Two public forums on consolidation planned
NATCHEZ — City officials have worked with government experts from a Mississippi State University research program to host two public forums next month at the Natchez Convention Center aimed at educating both elected officials and citizens on the topic of consolidation.
The two forums will start at 5 p.m. on May 7 and May 21 at the convention center said Alderwoman Sarah Carter-Smith during Tuesday’s meeting with the Board of Aldermen.
“The purpose of this two-part series is to inform constituents of the primary elements and functions of municipal and county government, the services they provide, and the potential options addressing challenges facing the city,” Smith said. “We want unbiased professionals to educate citizens and facilitate a conversation based on factual information.”
The issue of consolidating city and county government services has come up many times over the past few decades, said Natchez Mayor Darryl Grennell, so much so that he decided to seek information from nearby experts on the topic.
“Before I became a county supervisor in 1997, every three or four years, the subject of consolidation has come up,” Grennell said. “When I became mayor, I said, ‘Why not let some experts come in to talk about what consolidated government is and what that entails?’ If, at that point, the citizens still feel it is necessary to proceed with that process, we could do so.”
Grennell said he contacted Dallas Breen executive director of the John C. Stennis Institute of Government two years ago and discussed hosting the educational forum in Natchez.
The institute, named for its founder and former Mississippi United States Sen.
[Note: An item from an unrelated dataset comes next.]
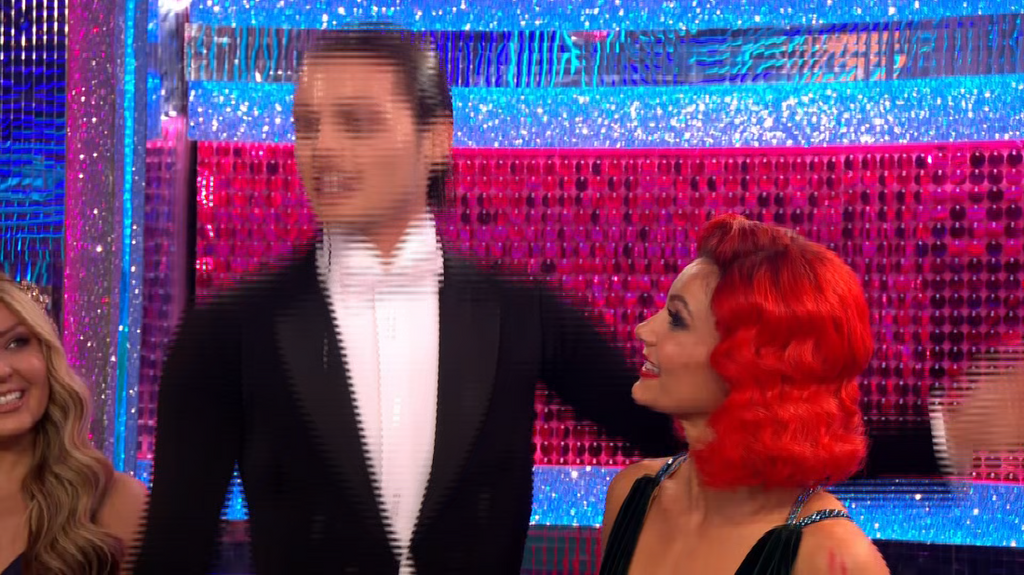 [Image: Strictly-Come-Dancing-S21-E23-1080p-HEVC-x265.png]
John C. Stennis has the mission to offer educational services and comprehensive studies to help municipalities thrive.
Last year, the city unanimously agreed to provide funding for travel expenses and accommodations for a group of experts from the institute to come to Natchez, Grennell said, which costs approximately $5,000.
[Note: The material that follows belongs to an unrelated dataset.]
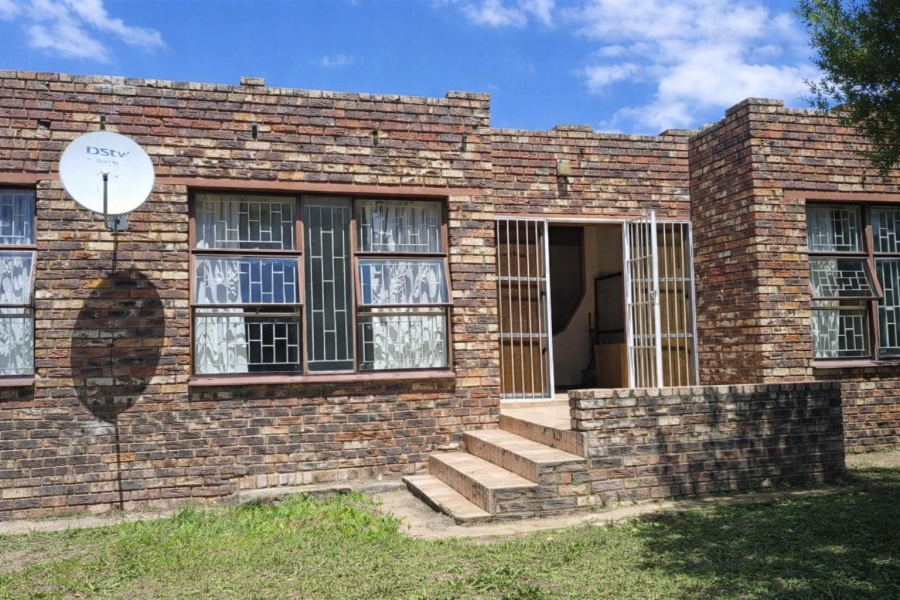 2 Bedroom Property for Sale in Phuthaditjhaba Free State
Grennell said Natchez is by no means new to the idea of consolidating resources with the county; A few services that used to be offered by the city in the past have already been taken over by Adams County and vice versa, Grennell said.
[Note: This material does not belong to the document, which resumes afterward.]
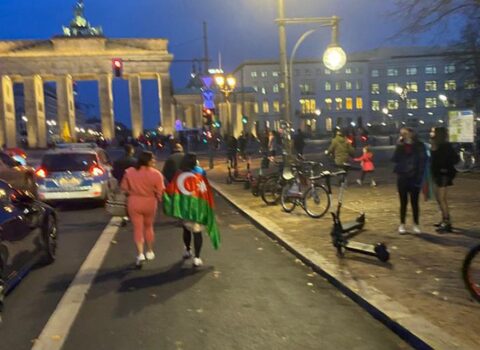 “Komsomolskaya Pravda”: Türklər Berlin küçələrində “Qarabağ uğrunda” yürüşü keçirdilər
“Years ago, the city had its own tax collection office. … We basically pay the county every year to collect city taxes. … We just recently, since I’ve been mayor, consolidated our 911 dispatch service. … We are the only city in the state of Mississippi that provides fire protection outside of the city limits. Right there is an example of consolidated services that does not exist anywhere else in the state.”
However, Grennell said more efforts to consolidate would cost local governments to hire individuals to do extensive research to find out whether a consolidated effort would be beneficial or harmful.
“It could be well over $100,000 to have a study done,” Grennell said, “and you don’t want to go into it without having the proper research done.”